If the San Francisco-based appeals court were to obliterate animals' standing to sue in court, that would deny them the right to enforce laws enacted to protect their survival through "next friend" representatives, Slater's lawyer argued in his 10-page brief.

Dhuey called it an issue of "exceptional importance" that warrants en banc consideration with full briefing and a chance for outside parties to file amicus curiae briefs.

Dhuey wrote that his client "did not choose to embark on a legal adventure in California regarding a photograph taken in an Indonesian jungle.
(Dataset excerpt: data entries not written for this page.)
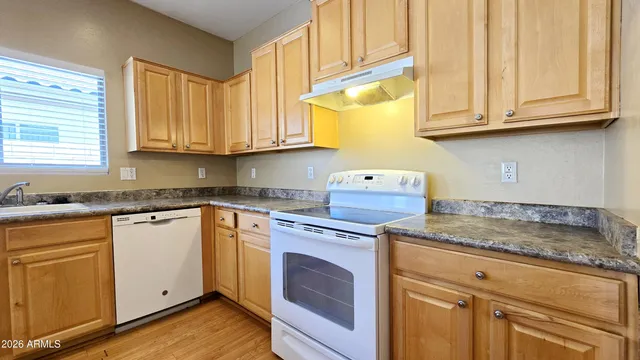 $1,950 | 17586 West Agave Court, Goodyear, AZ 85338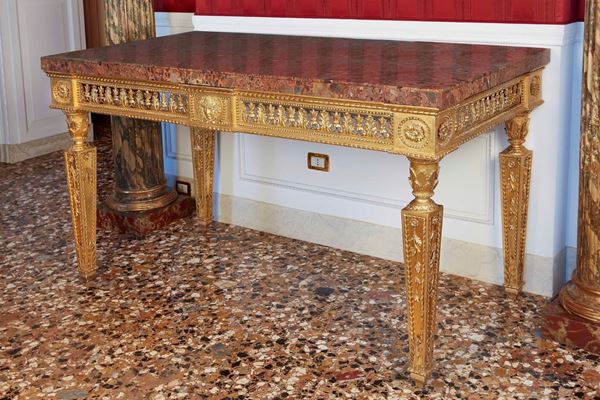 Tavolo da centro in legno scolpito e dorato. Fine XVIII secolo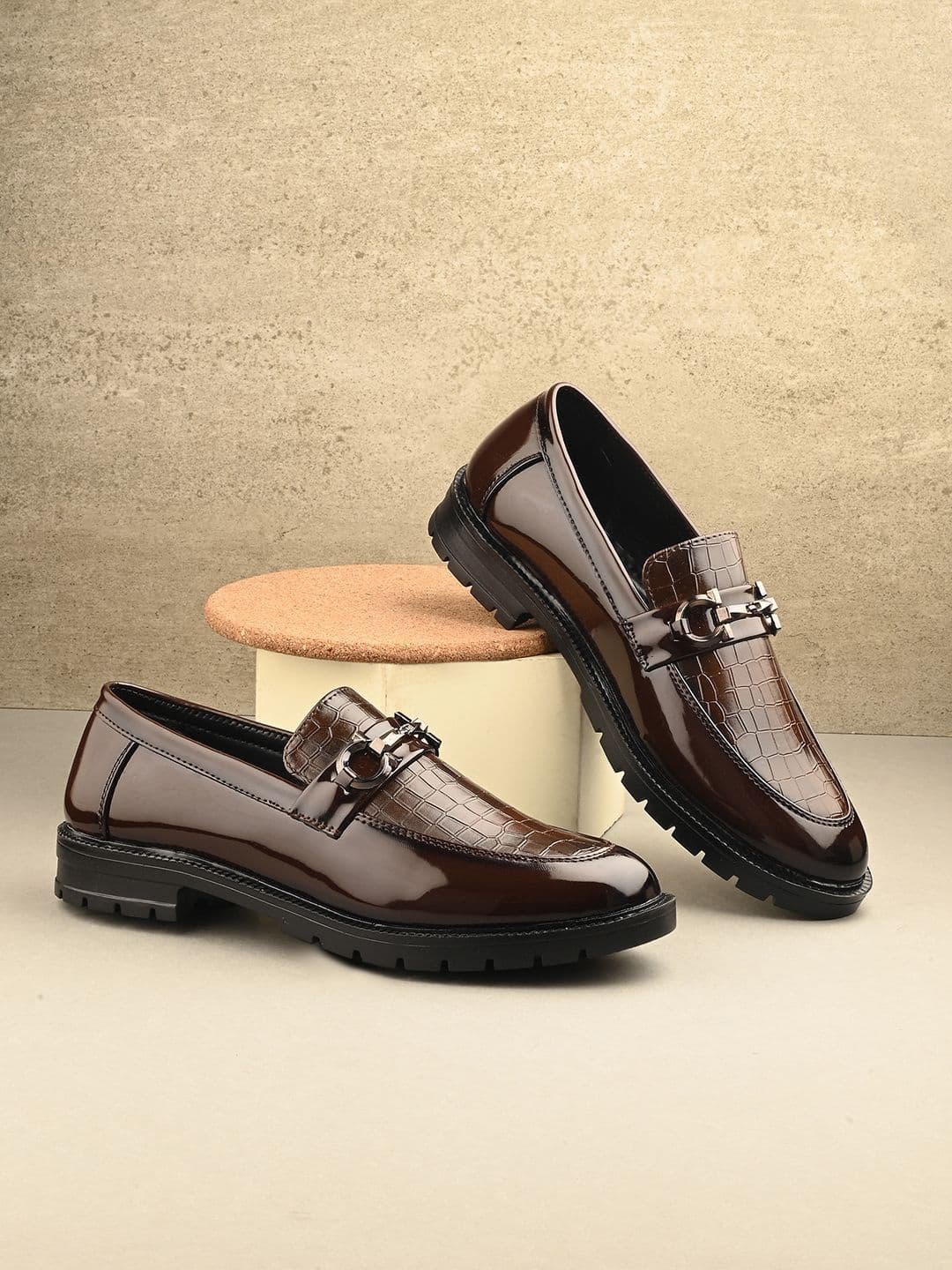 Mactree Men Round Toe Formal Loafers - view 1
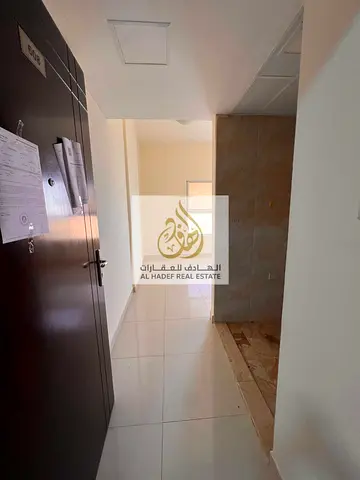 استديو,مطبخ شبه منفصل,مساحة واسعة جدا,موقع مميز,دفعات ميسرة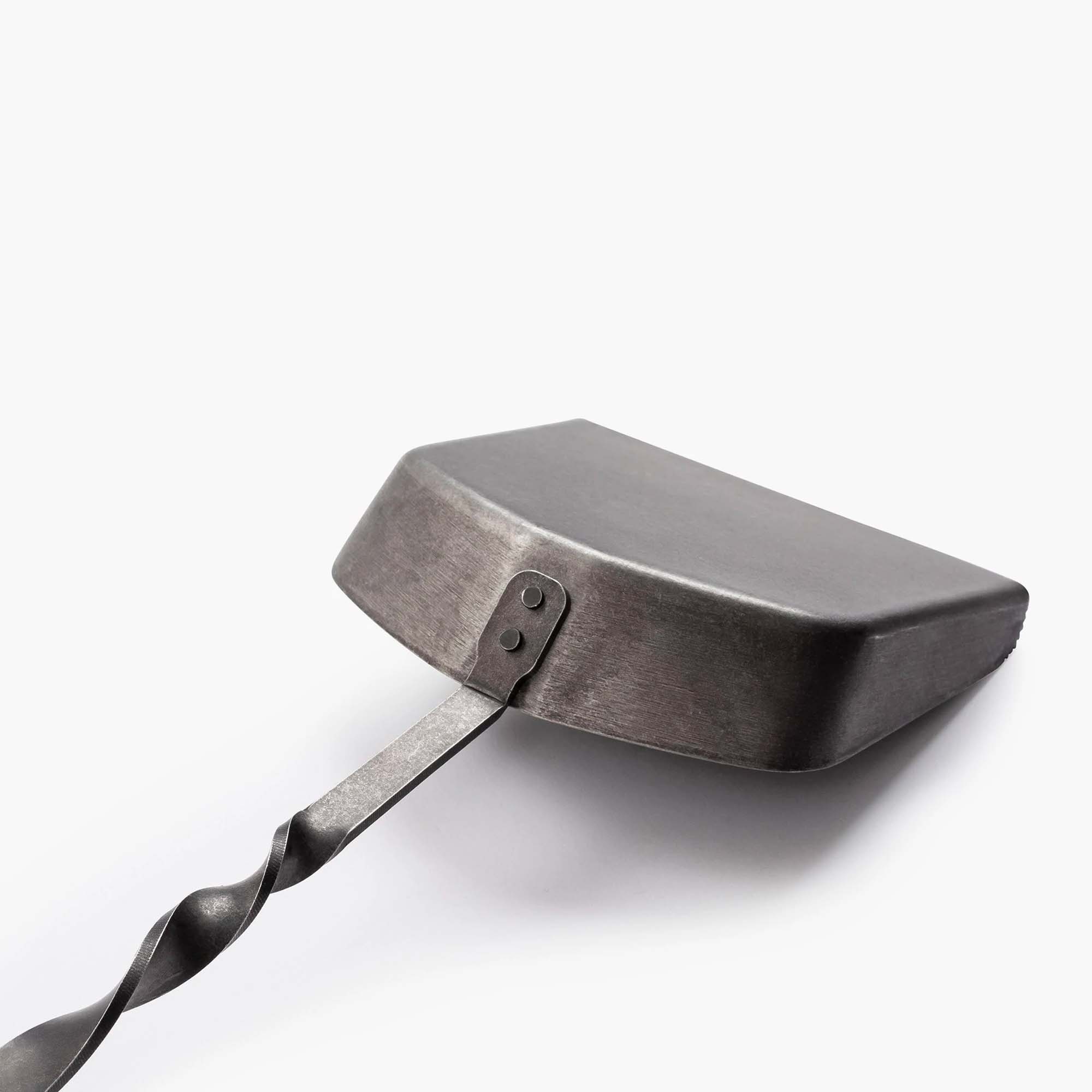 barebones-tools-cowboy-grill-kohlenschaufel-walnussgriff image 3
But he hopes that what will be the most exhaustive federal legal precedent on animal rights to date - a case that will forever bear his name -is one that holds open the idea of animal standing in the United States federal courts."
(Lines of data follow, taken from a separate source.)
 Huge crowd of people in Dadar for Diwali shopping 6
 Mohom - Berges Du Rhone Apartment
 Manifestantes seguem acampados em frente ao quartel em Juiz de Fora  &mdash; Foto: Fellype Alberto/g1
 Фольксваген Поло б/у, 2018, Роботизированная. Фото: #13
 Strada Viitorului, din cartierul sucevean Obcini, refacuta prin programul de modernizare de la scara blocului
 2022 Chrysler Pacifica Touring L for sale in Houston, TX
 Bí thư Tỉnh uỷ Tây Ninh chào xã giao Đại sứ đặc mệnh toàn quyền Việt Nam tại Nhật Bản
PETA spokesman David Perle said in a statement that the Ninth Circuit "should respect the established precedent that the U.S. Constitution permits animals to bring legal claims to court, with representation from humans and groups such as PETA when appropriate."

"The rights of animals are the next frontier in the struggle for civil rights as people and courts around the world recognize that animals are living, breathing, feeling beings, deserving of fundamental rights for their own sake, not in relation to how they can be exploited by humans," Perle said.

Reached by email, Dhuey said his client made clear in his first filing in the lawsuit in 2015 that “there are quite reasonable arguments for conferring legal standing for animals (via human ad litem representatives) in some areas of law.” (Parentheses in original.)

"He meant that," Dhuey said.

Before the Ninth Circuit issued its ruling in April this year, the parties reached a settlement in which Slater agreed to donate 25 percent of revenues from the "monkey selfie" photos to animal welfare charities.

In order for the case to be reheard en banc, a majority of the Ninth Circuit's 21 active, nonrecused judges must vote in favor of a rehearing, according to the court's en banc procedure summary.

Follow @NicholasIovino
Categories / Appeals, Arts, Law

Subscribe to Closing Arguments

Sign up for new weekly newsletter Closing Arguments to get the latest about ongoing trials, major litigation and hot cases and rulings in courthouses around the U.S. and the world.

Loading...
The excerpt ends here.